WHAT YOU WILL DO | Retype the records below exactly as they appear, but leave out any pictures.
========================
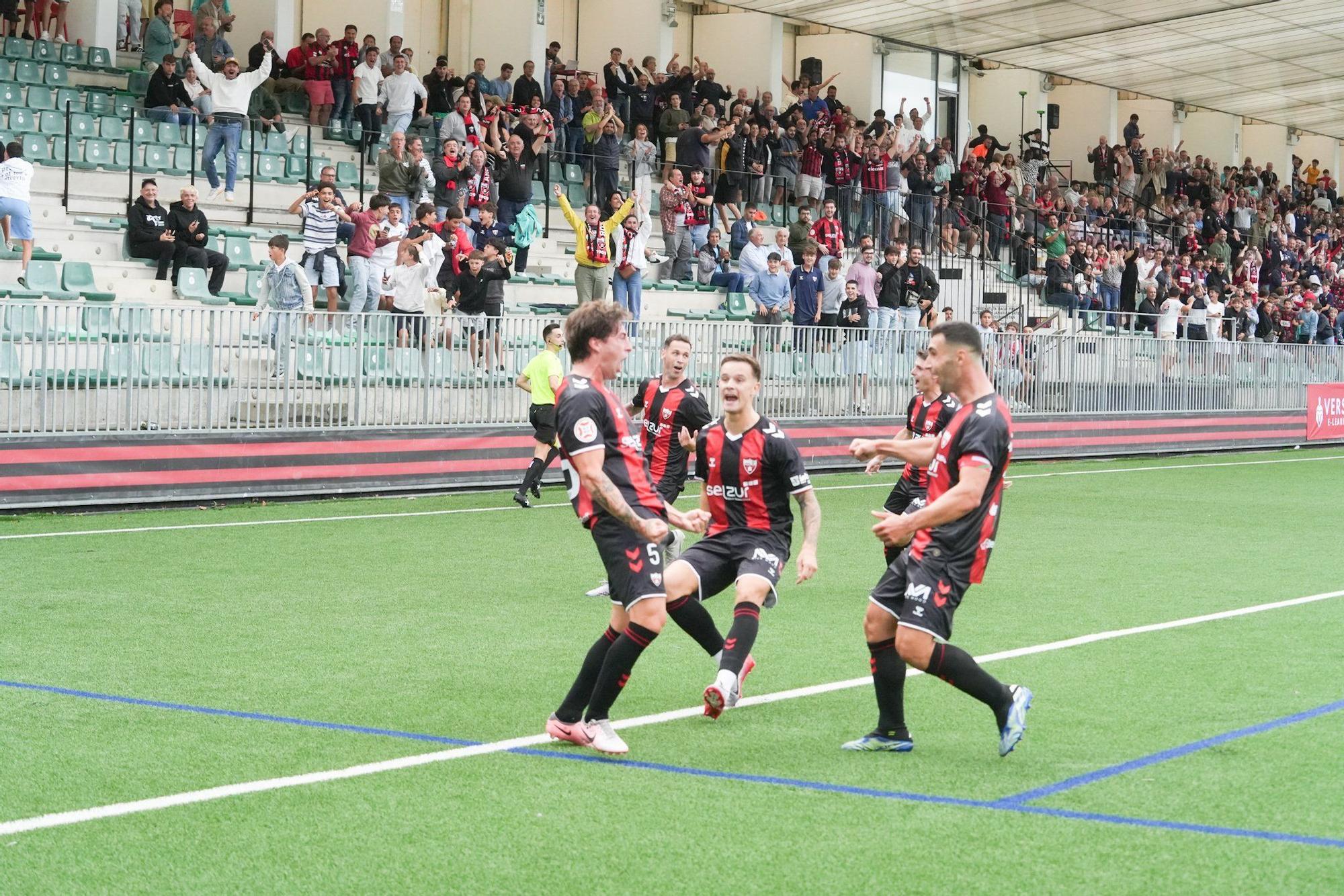 En imágenes: El Arenas vence en su debut en Primera RFEF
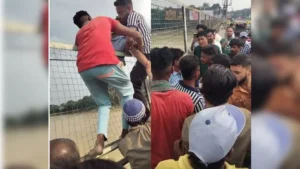 Viral: उफनाती गंगा में कूदने वाला था&#8230; युवकों ने दबोचा और फिर 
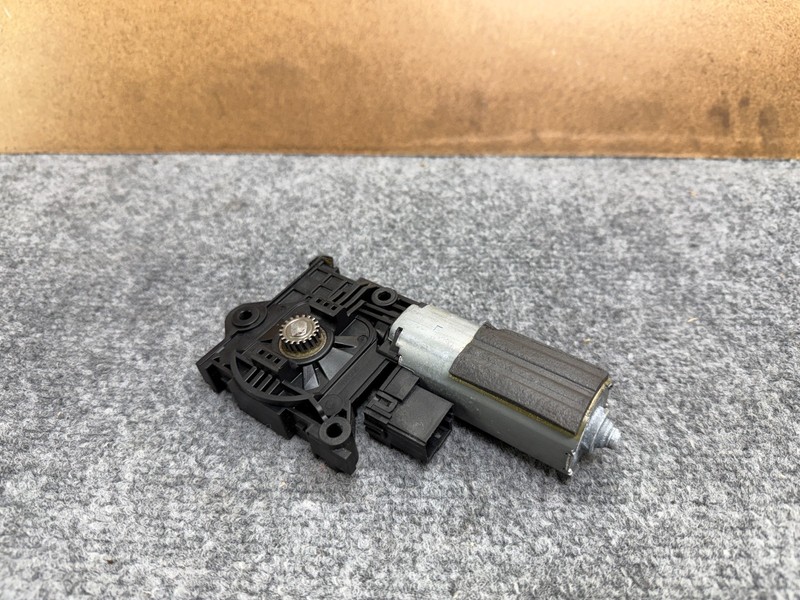 GENESIS G70 2019-2025 OEM SUNROOF PANORAMIC SHADE ROLLER MOTOR ASSEMBLY
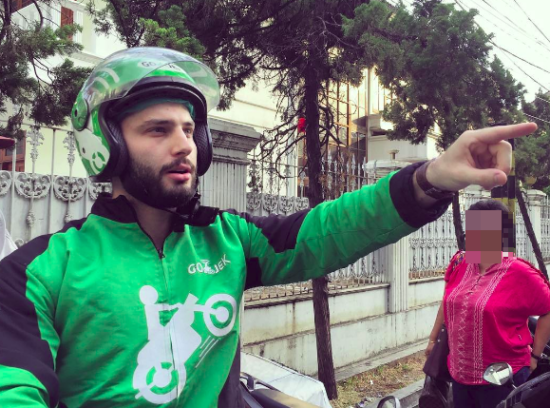 Ada bule ngaku jadi driver Gojek, sosoknya viral seketika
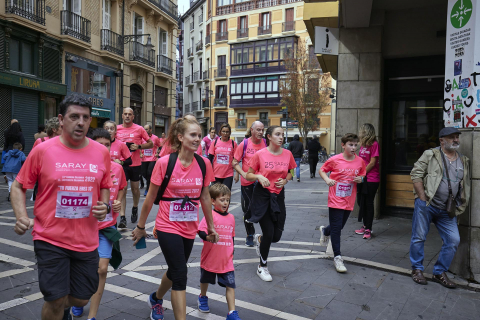 Imágenes de la XI Carrera Solidaria contra el Cáncer de Mama en Pamplona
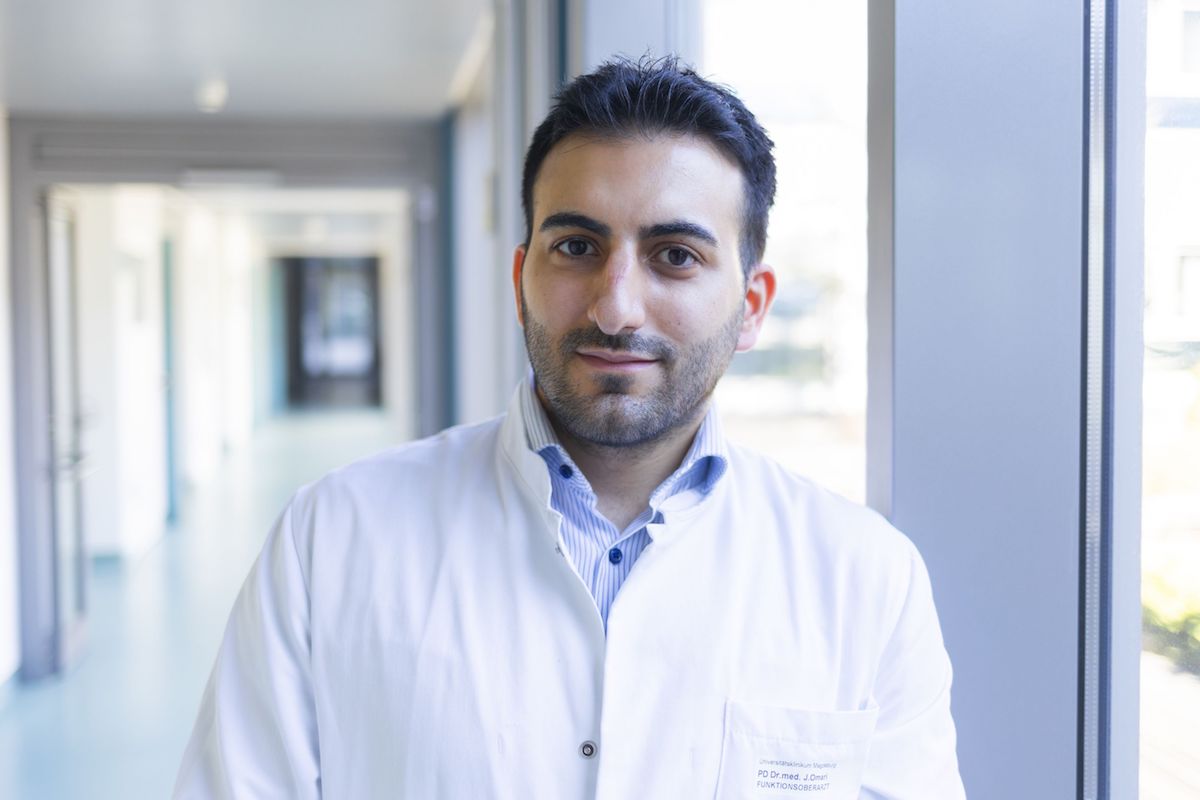 Dr. med. Jazan Omari erhält für seine Forschung auf dem Gebiet der bildgeführten Tumortherapien den Nachwuchsforschungspreis Medizinischen Fakultät (©Sarah Kossmann, Universitätsmedizin Magdeburg)
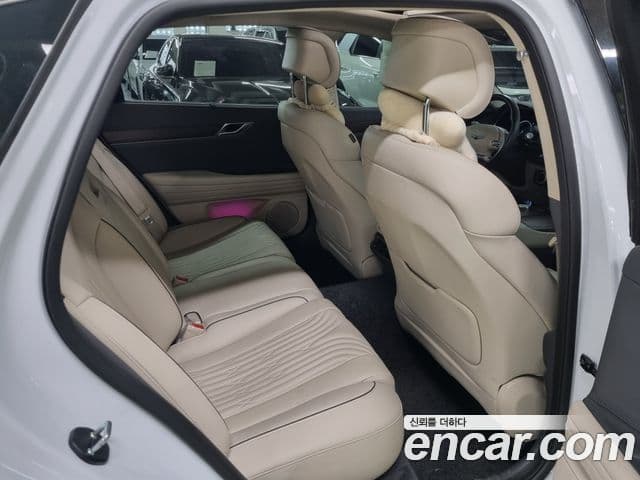 Genesis G80 2023 — Photo 6/20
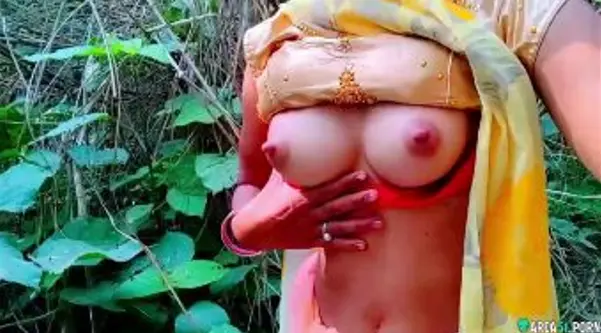Sexy Desi Bhabhi Showing Her Tight Boobs in Jungle Viral Video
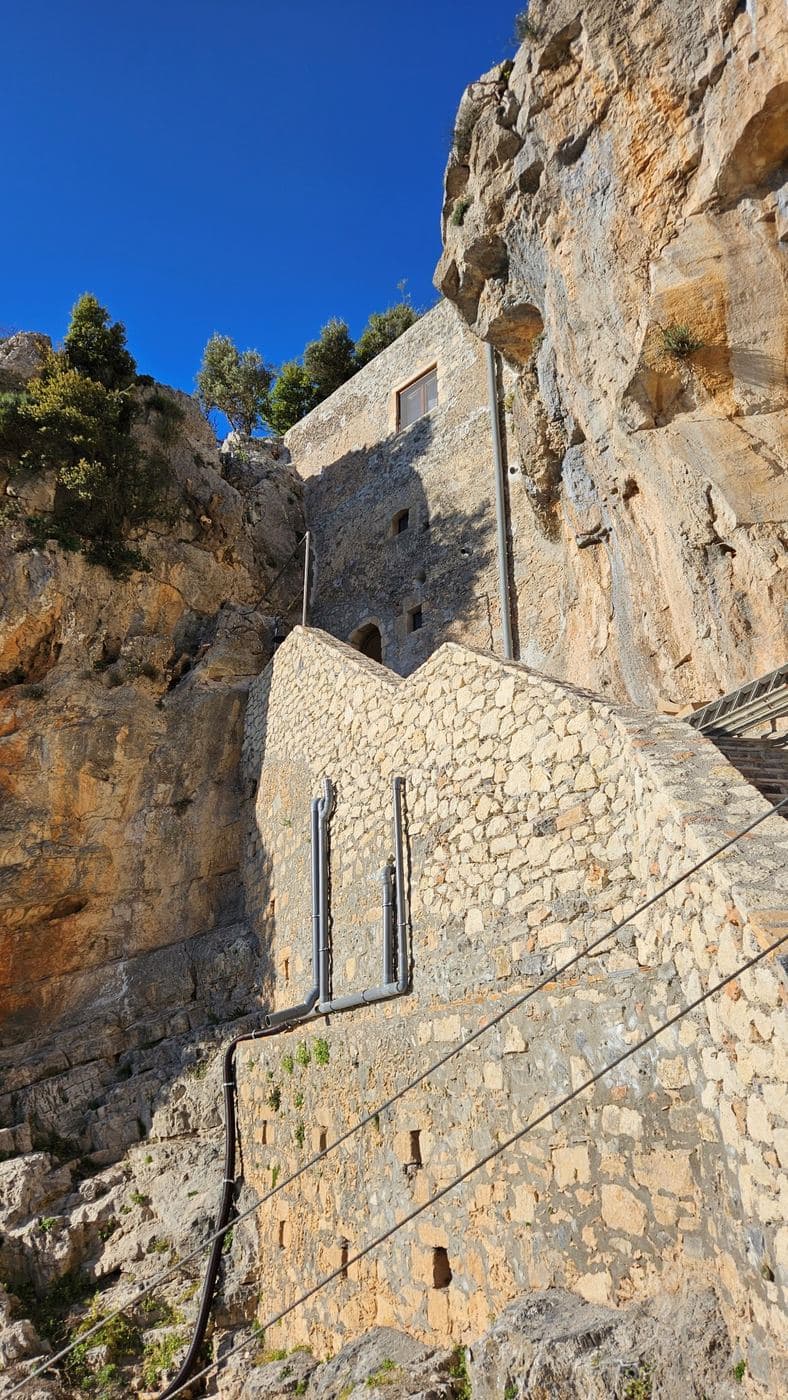 The cells of Nuns at Giouchtas (Kelia Kalogradon)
========================
SOLUTION FOR THIS EXERCISE |
 En imágenes: El Arenas vence en su debut en Primera RFEF
 Viral: उफनाती गंगा में कूदने वाला था&#8230; युवकों ने दबोचा और फिर 
 GENESIS G70 2019-2025 OEM SUNROOF PANORAMIC SHADE ROLLER MOTOR ASSEMBLY
 Ada bule ngaku jadi driver Gojek, sosoknya viral seketika
 Imágenes de la XI Carrera Solidaria contra el Cáncer de Mama en Pamplona
 Dr. med. Jazan Omari erhält für seine Forschung auf dem Gebiet der bildgeführten Tumortherapien den Nachwuchsforschungspreis Medizinischen Fakultät (©Sarah Kossmann, Universitätsmedizin Magdeburg)
 Genesis G80 2023 — Photo 6/20
Sexy Desi Bhabhi Showing Her Tight Boobs in Jungle Viral Video
 The cells of Nuns at Giouchtas (Kelia Kalogradon)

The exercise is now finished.